American journal of human genetics, Volume 91, Issue 5, p.823-38 (2012)

Keywords:

Center-Authored Paper, November 2012, Public Health Sciences Division, Shared Resources, Specimen Processing Core Facility

Abstract:

Genome-wide association studies (GWASs) have identified many SNPs underlying variations in plasma-lipid levels. We explore whether additional loci associated with plasma-lipid phenotypes, such as high-density lipoprotein cholesterol (HDL-C), low-density lipoprotein cholesterol (LDL-C), total cholesterol (TC), and triglycerides (TGs), can be identified by a dense gene-centric approach. Our meta-analysis of 32 studies in 66,240 individuals of European ancestry was based on the custom ∼50,000 SNP genotyping array (the ITMAT-Broad-CARe array) covering ∼2,000 candidate genes. SNP-lipid associations were replicated either in a cohort comprising an additional 24,736 samples or within the Global Lipid Genetic Consortium. We identified four, six, ten, and four unreported SNPs in established lipid genes for HDL-C, LDL-C, TC, and TGs, respectively. We also identified several lipid-related SNPs in previously unreported genes: DGAT2, HCAR2, GPIHBP1, PPARG, and FTO for HDL-C; SOCS3, APOH, SPTY2D1, BRCA2, and VLDLR for LDL-C; SOCS3, UGT1A1, BRCA2, UBE3B, FCGR2A, CHUK, and INSIG2 for TC; and SERPINF2, C4B, GCK, GATA4, INSR, and LPAL2 for TGs.
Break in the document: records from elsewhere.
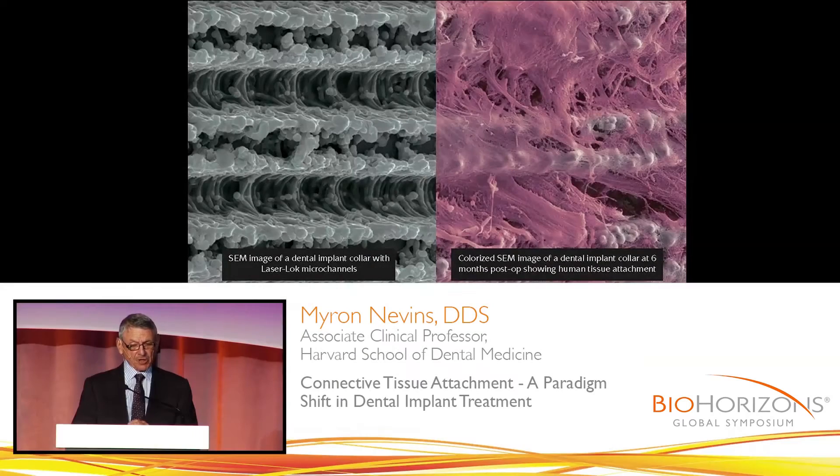What you see in purple is the connective tissue attachment to this roughened surface. The collagen fibrils circle these bumps in the titanium, and this will be a physical attachment. I will distinguish the difference between a Sharpey fiber in the cementum and a physical attachment, but both serve the same purpose. They prevent the apical migration of the epithelium.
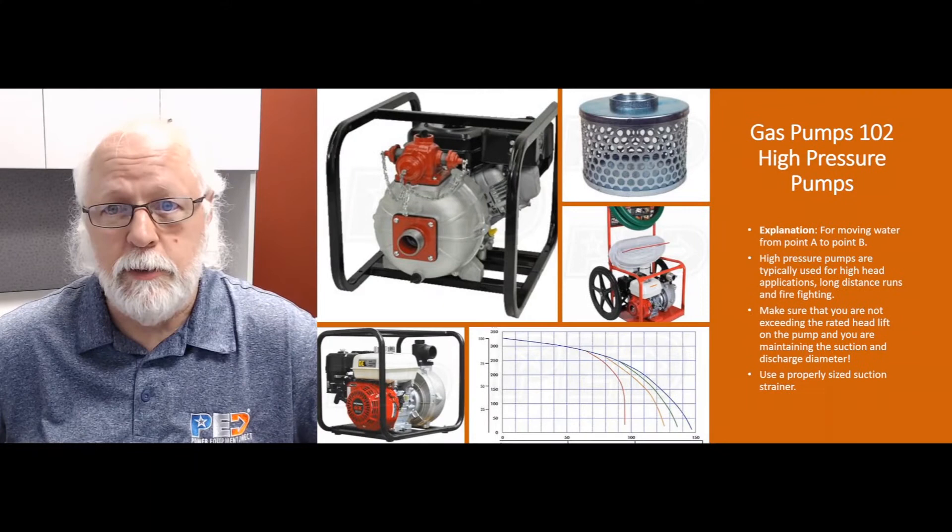Hello again everybody, this is Jim, your product expert with Water Pumps Direct, coming to you with another Q&A video for your viewing pleasure and enjoyment. Today we're going to talk about gas pumps 102 and high pressure pumps.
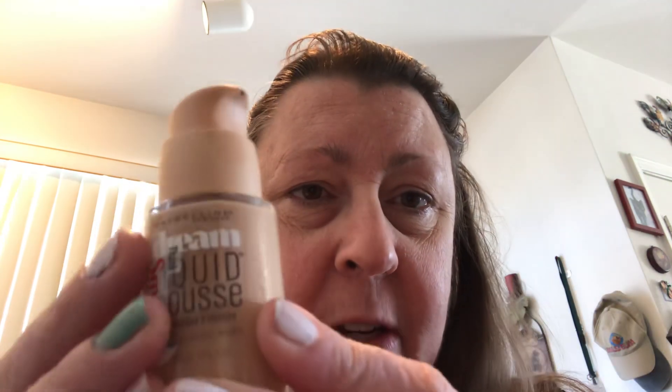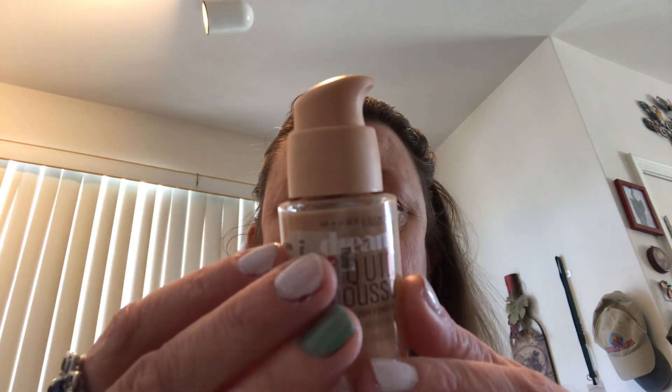I'm going to start with the foundation by Maybelline. It is the Dream Liquid Mousse, number 20 Classic Ivory. I start on my chin, blend it into the base of my face and down to the neck so it blends nicely, then the upper lip area, under my nose, and get into the crevices.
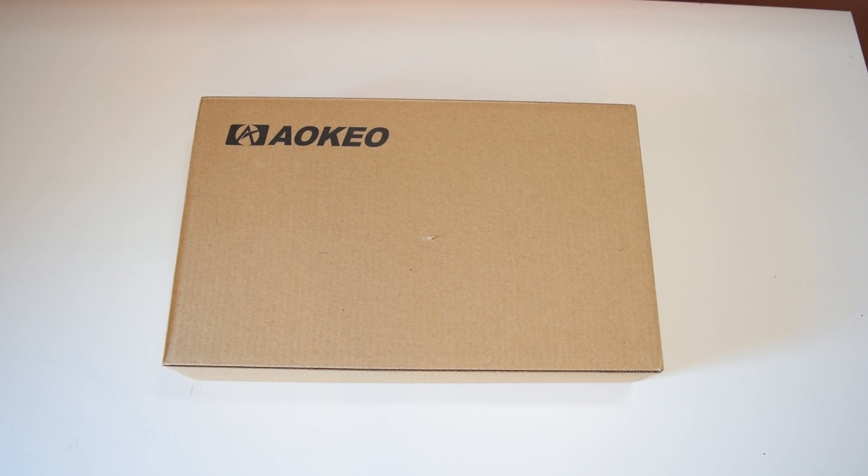Hey, what's up guys, this is Average Asian Tech, and today we are going to take a look at a very affordable USB microphone that you can pick up for under $40. This is the Accio AK6.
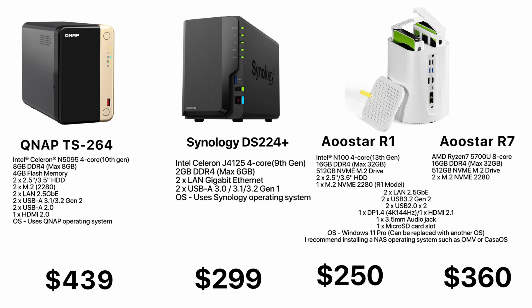Since it comes with Windows 11 installed, you can use this NAS as a standalone PC. However, I recommend installing a dedicated NAS operating system such as OpenMediaVault or CasaOS.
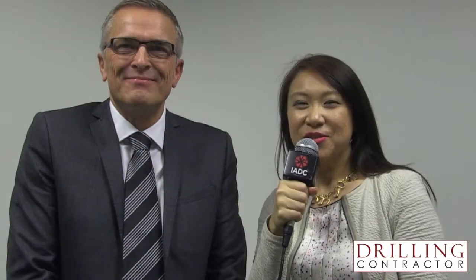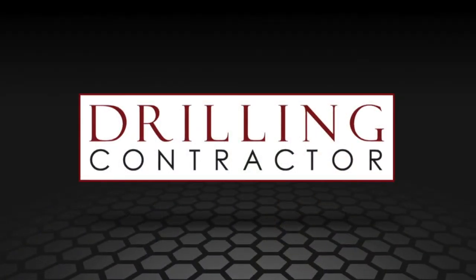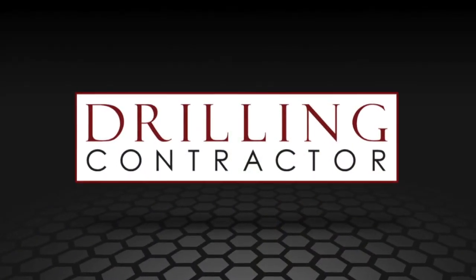Well, thank you so much for being here, John, and good luck with your project. Thanks for being here. And thank you, viewers, for joining us on drillingcontractor.org. Thank you.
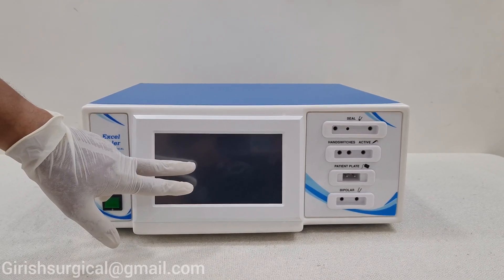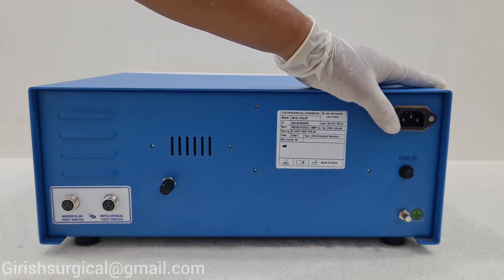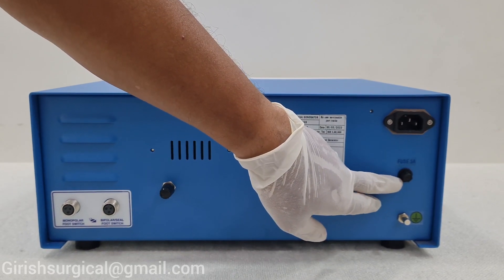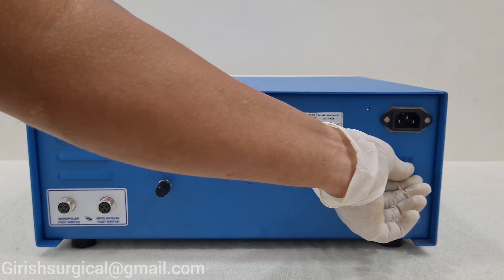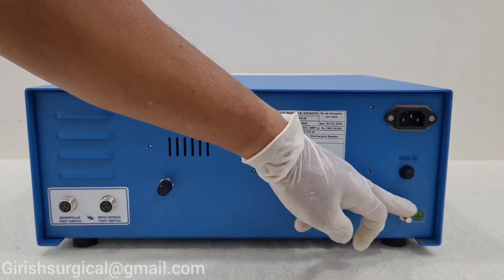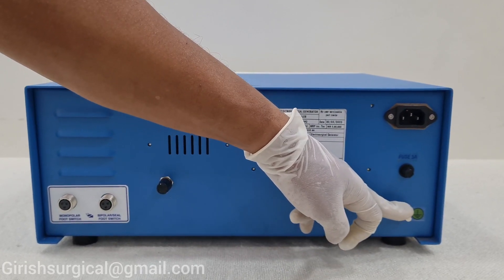In this there is a touch screen. At the machine backend there is a port where you can insert the mains cord. Below that you can see a fuse — if the machine has been fused, you can get the fuse here and replace it. Here is the earthing point; if there is no earthing in the OT, you can give the earthing point here.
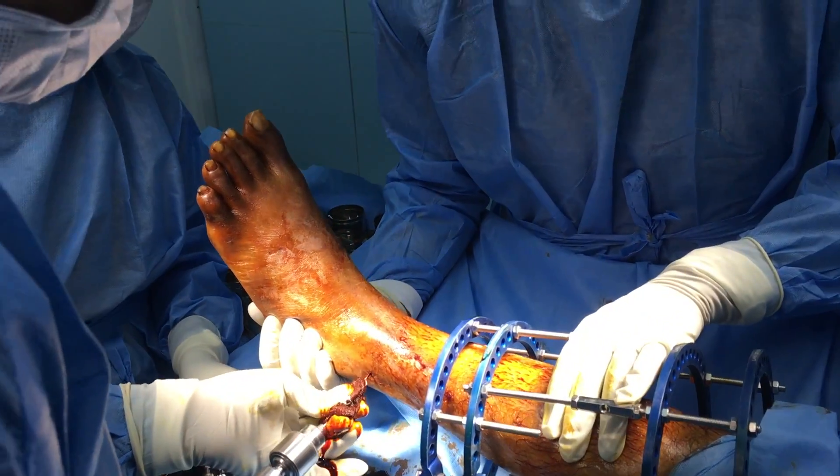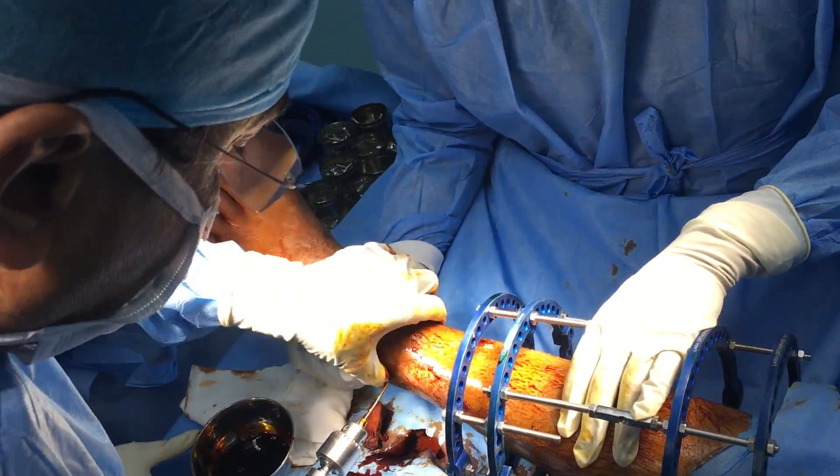This is going to be a non-expansile, non-contractile stable assembly which shall not be disturbed during surgery.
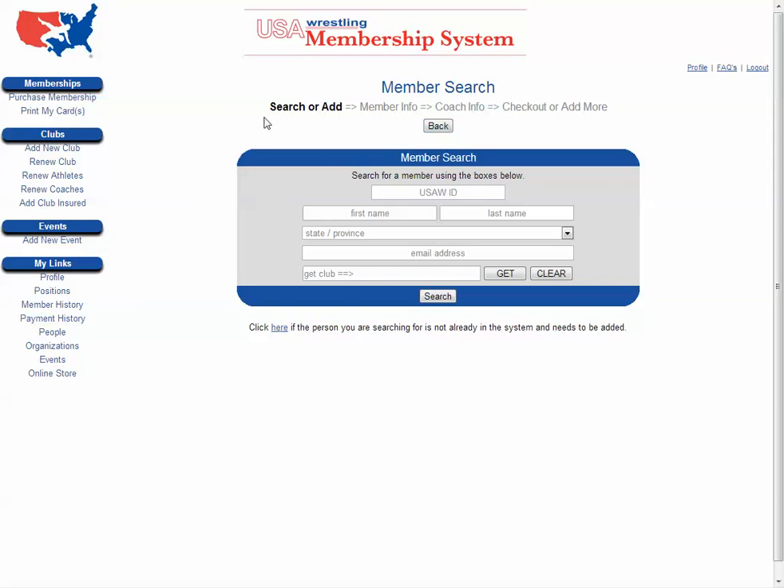This process is going to take a while. You can expedite the background check, but otherwise it will take two to three weeks. So you're going to start by going to usamembership.com and then simply following the options that they have laid out for you.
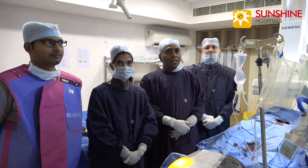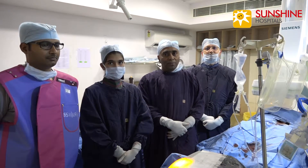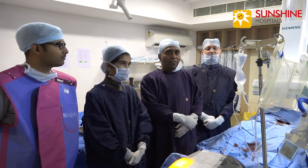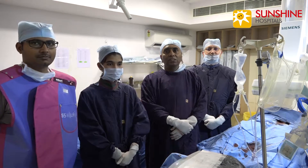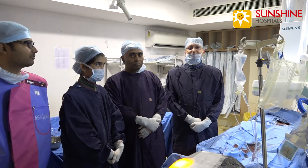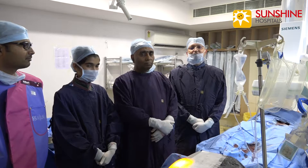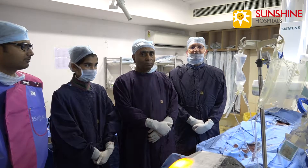Now we have completed the insertion of the Select Platinum IVC filter, along with my friend Dr. Sanjay Kumar, Sister Shamala, and our technician Mr. Krishnamohan. The IVC filter is a very simple, easy, and safe method to deploy through the femoral vein and prevent further pulmonary embolism.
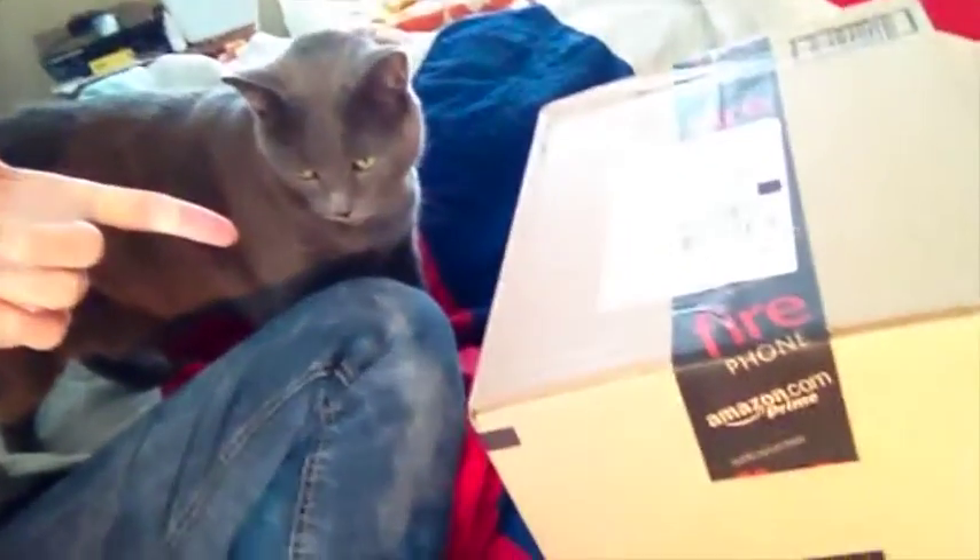Hey sweet boy Jack. Jack is very excited — and so am I — because the UPS arrived and there is a package over here. Jack wants to know what it is. Jack is going to get into it. Let's see.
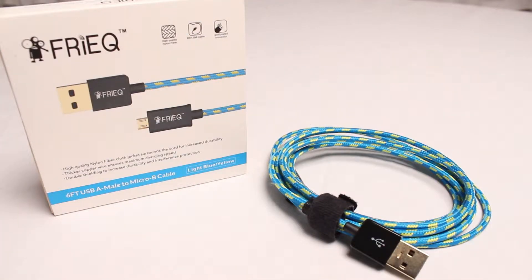Hello and welcome to Matt's Tech Bag. Today we are looking at the Freak — I would call it a freak because that's the way it looks — their name is spelled. It's a braided USB charging cable, which means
The proportion of explained phenotypic variance in the subset of studies providing individual-level data was 9.9% for HDL-C, 9.5% for LDL-C, 10.3% for TC, and 8.0% for TGs. This large meta-analysis of lipid phenotypes with the use of a dense gene-centric approach identified multiple SNPs not previously described in established lipid genes and several previously unknown loci. The explained phenotypic variance from this approach was comparable to that from a meta-analysis of GWAS data, suggesting that a focused genotyping approach can further increase the understanding of heritability of plasma lipids.